Start of Supplied material

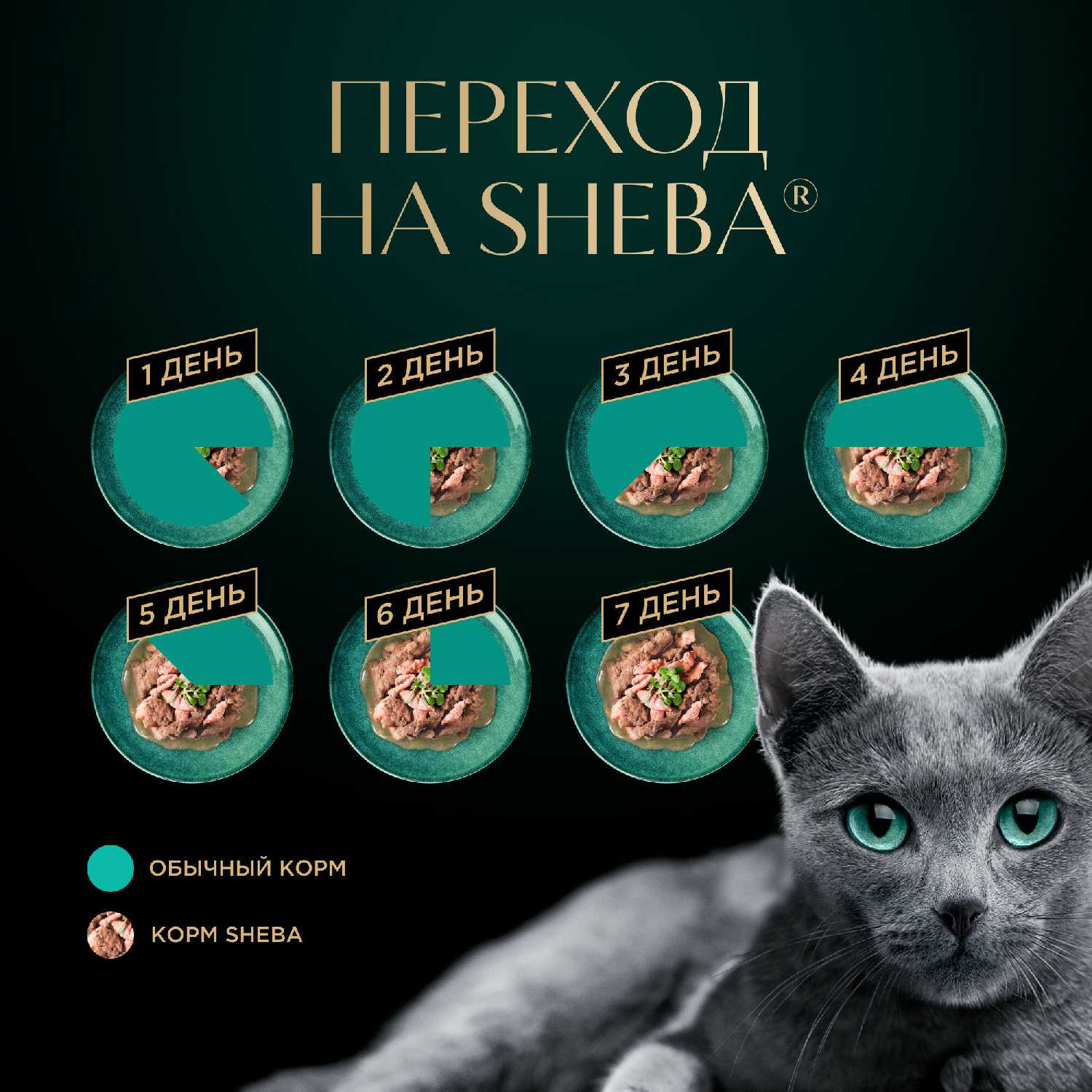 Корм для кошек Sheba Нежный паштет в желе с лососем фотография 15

End of Supplied material
Start of Supplied material

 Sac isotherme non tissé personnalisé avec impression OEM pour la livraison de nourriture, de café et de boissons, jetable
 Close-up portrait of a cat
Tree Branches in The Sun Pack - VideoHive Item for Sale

End of Supplied material

Starting at the line above that contains "Close-up portrait of a cat", write out each line exactly until the line that contains "Tree Branches in" has been written, and stop there.

 Close-up portrait of a cat
Tree Branches in The Sun Pack - VideoHive Item for Sale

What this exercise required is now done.